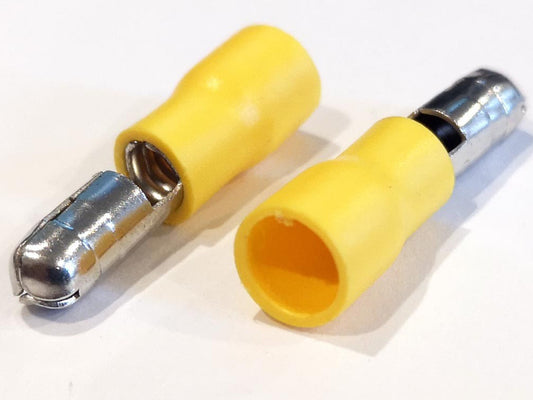 Terminal Bullet-M 12-10AWG 25pk .195 Yellow Tuf Pug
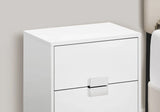 Accent Side Table, Storage Drawer, Modern Design - Furniture Home Direct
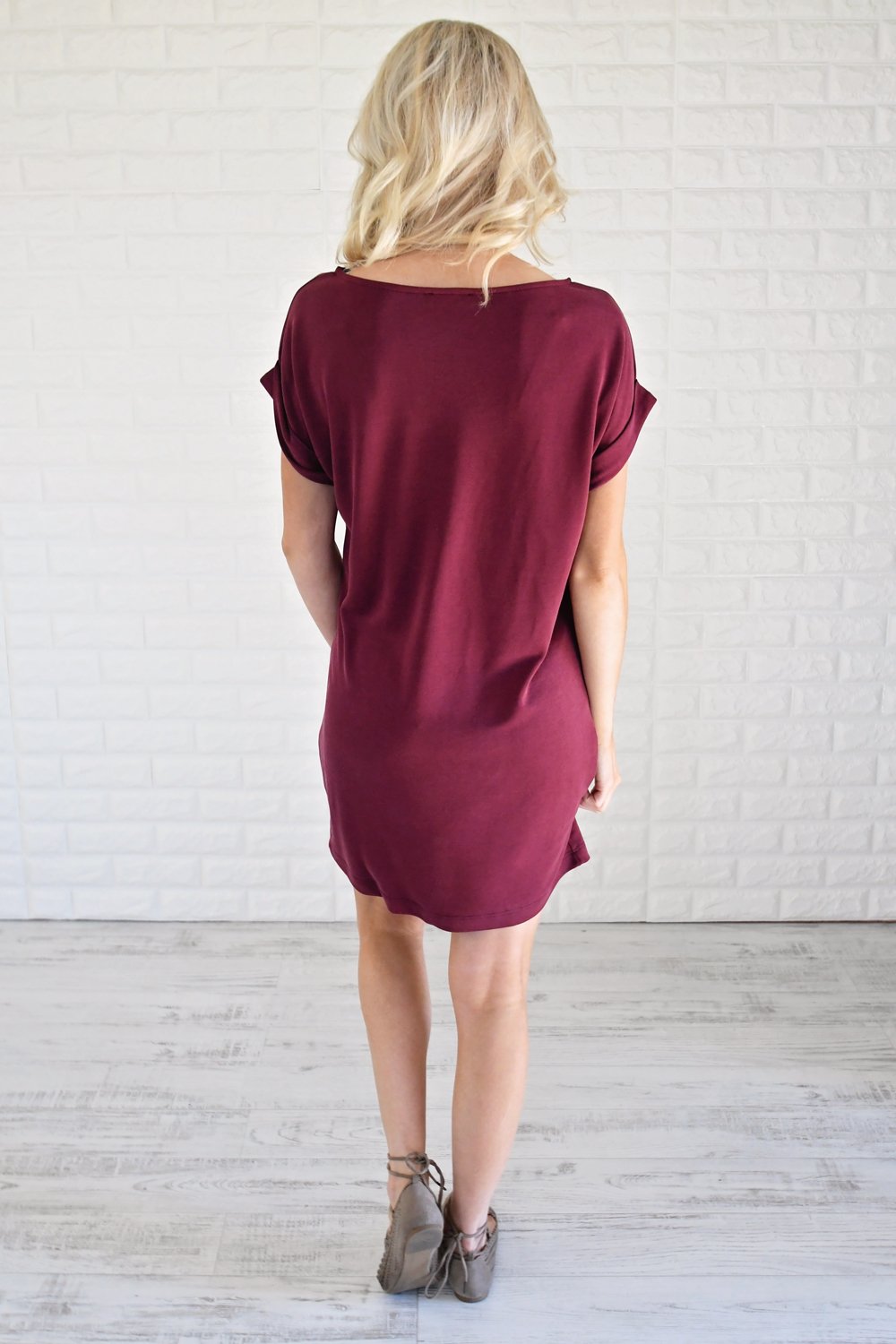 Effortlessly Classy T-Shirt Dress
· · · · · · ·
YOUR GOAL: Extract, word for word, every line from the one holding "Accent Side Table, Storage" through the closing line of the data above. Do not include any pictures.

YOUR SOLUTION:
 Accent Side Table, Storage Drawer, Modern Design - Furniture Home Direct
 Effortlessly Classy T-Shirt Dress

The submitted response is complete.